Spoof Vedanta ‘faking happiness’ campaign.

I don’t doubt that this happens. The most recent (and shocking) example I’ve seen of this is Vedanta’s ‘Creating Happiness’ campaign in India. Recently, every ad break on TV seems to have been featuring their promotional video for this, and I’ve seen it ‘liked’ and shared all over Facebook. This PR exercise has evidently gone extremely well for Vedanta! The otherwise unaware masses have come to believe that this is a loving, caring, fluffy, hug-worthy corporate citizen; yet the evidence has led many to suggest that it has a profound contempt for human rights and environmental best practice. Its alleged violations in these areas have meant high-profile court cases have been brought against it, while it has sustained powerful criticism from Survival International, Amnesty International, the British and Norwegian governments, the Church of England and others, and seen the likes of the Joseph Rowntree Charitable Trust, the Marlborough Ethical Fund, Millfield House Foundation and PGGM ridding themselves of their Vedanta shares.

So is this company ‘Creating Happiness’ or ‘Faking Happiness’ (left)? It’s not for me to say, but the controversy is something I clearly need to be aware of as I go about my work. At this point, I think I need to make a confession. A couple of months back, a close friend mailed me to suggest I reach out to Vedanta and offer my communications services. At that time, I didn’t recall the name. So I composed an e-mail and fired it off. When the subject then came up in conversation with another friend, a look of consternation crossed his face. “Robin, I really don’t think you want to be associate with that company!”, he exclaimed. I hurriedly did my homework, somewhat past the deadline, and my stomach turned. The incident forced me to take a cold, hard look at my approach. Clearly, I could not regard CSR activities simply as something like NGO work within the corporate setup.
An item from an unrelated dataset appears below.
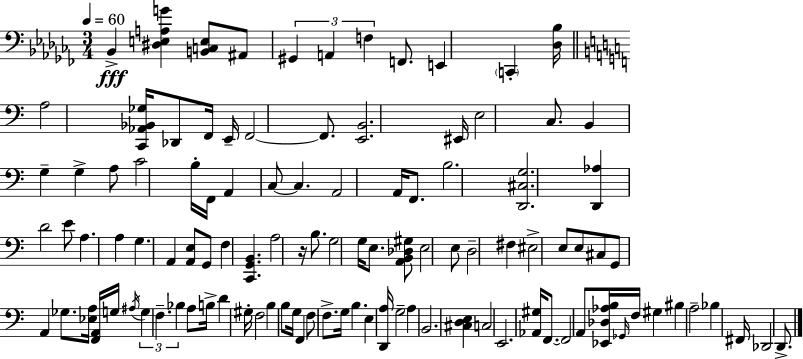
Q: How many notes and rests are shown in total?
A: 108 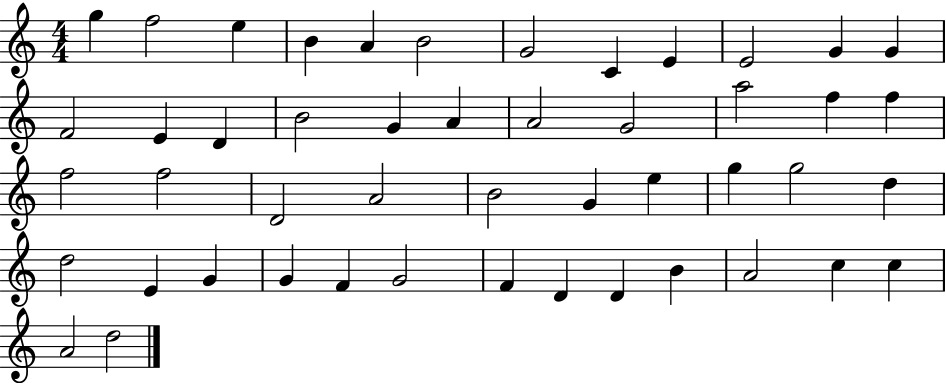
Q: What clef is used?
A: treble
As a professional who’s sworn himself to contributing to making the world a better place through his photography, are corporates’ CSR departments an appropriate client group? I still say “yes”. I do not sign up to the belief that all corporates are evil, and that their CSR activities are no more than gloss to distract our attention from their dastardly deeds. To assume that all are as unscrupulous as Vedanta have been accused of being, and should therefore suffer our wrath, is to discount a great deal of positive work that’s being done. Even if the driving agenda is more about overall corporate image, we cannot deny the billions of dollars that are passing directly from the hands of businesses and their employees to worthy causes, often under the supervision of highly reputable charities, and the difference this money makes where spent wisely.
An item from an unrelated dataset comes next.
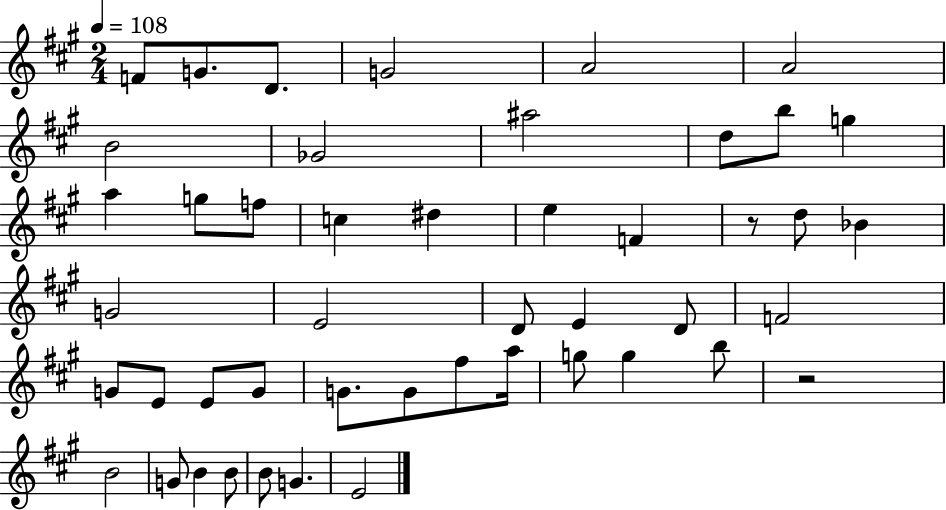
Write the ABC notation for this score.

For my part, I can do several things to ensure I’m supporting only those companies that merit my assistance. For starters, I now do my research on companies’ backgrounds and ethical status. A simple Google or Wikipedia search on Vedanta is so revealing. There are also other resources, such as CSRHub, which use multiple sources to index companies’ CSR performance. Beyond this, there is also the type of work that I will do. There are multiple ways that I can assist a company with CSR communications that are eminently uncontroversial. For example, I can help them communicate to their employees, educating them about the projects they run for the benefit of society and the environment and encouraging them to donate through payroll contribution schemes; I can also help them communicate to beneficiaries to improve their understanding of projects being implemented. For those companies who are evidently outstanding corporate citizens, I am happy to help them publicise the news of the positive difference they’re making. After all, wouldn’t you rather buy the cola of a company that goes out of its way to work ethically and responsibly as compared with one that’s willing to stamp on the little people and plunder the Earth’s resources in an unsustainable manner in order to make the most profit possible from your cola? This is the kind of informative advertising that I aim to contribute to as I follow my passion while working with big business.